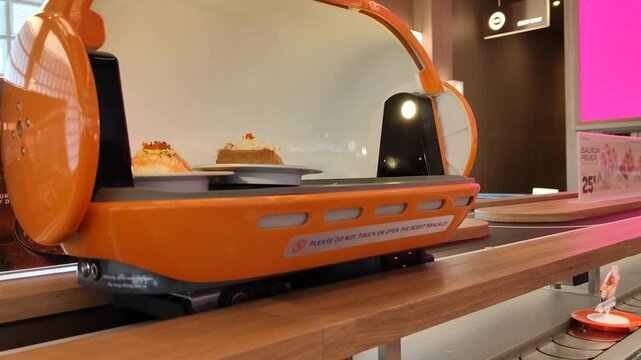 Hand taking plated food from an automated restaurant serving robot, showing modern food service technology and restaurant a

+++

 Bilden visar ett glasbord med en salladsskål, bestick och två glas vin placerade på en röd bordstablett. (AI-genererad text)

+++

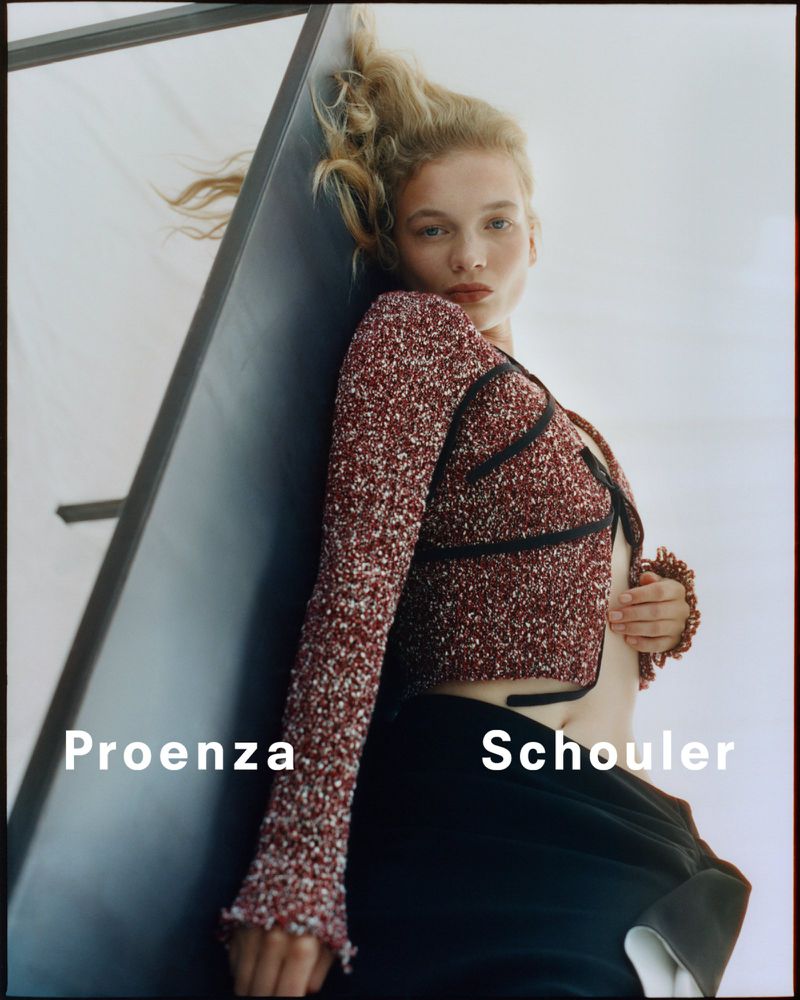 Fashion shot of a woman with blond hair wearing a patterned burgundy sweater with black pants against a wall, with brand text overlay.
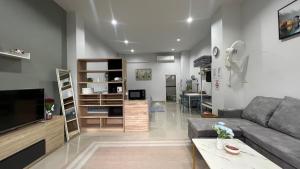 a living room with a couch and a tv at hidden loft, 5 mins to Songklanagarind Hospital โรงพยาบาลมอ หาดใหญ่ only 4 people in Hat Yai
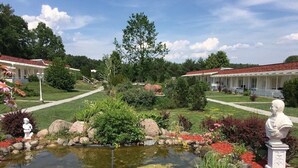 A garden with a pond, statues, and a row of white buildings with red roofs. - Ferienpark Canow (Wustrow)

+++

* [Work task]:
With pictures omitted, repeat the entries above word for word from the line holding "Fashion shot of" down to the line holding "a living room", keeping both of those lines.

* [Written answer]:
 Fashion shot of a woman with blond hair wearing a patterned burgundy sweater with black pants against a wall, with brand text overlay.
 a living room with a couch and a tv at hidden loft, 5 mins to Songklanagarind Hospital โรงพยาบาลมอ หาดใหญ่ only 4 people in Hat Yai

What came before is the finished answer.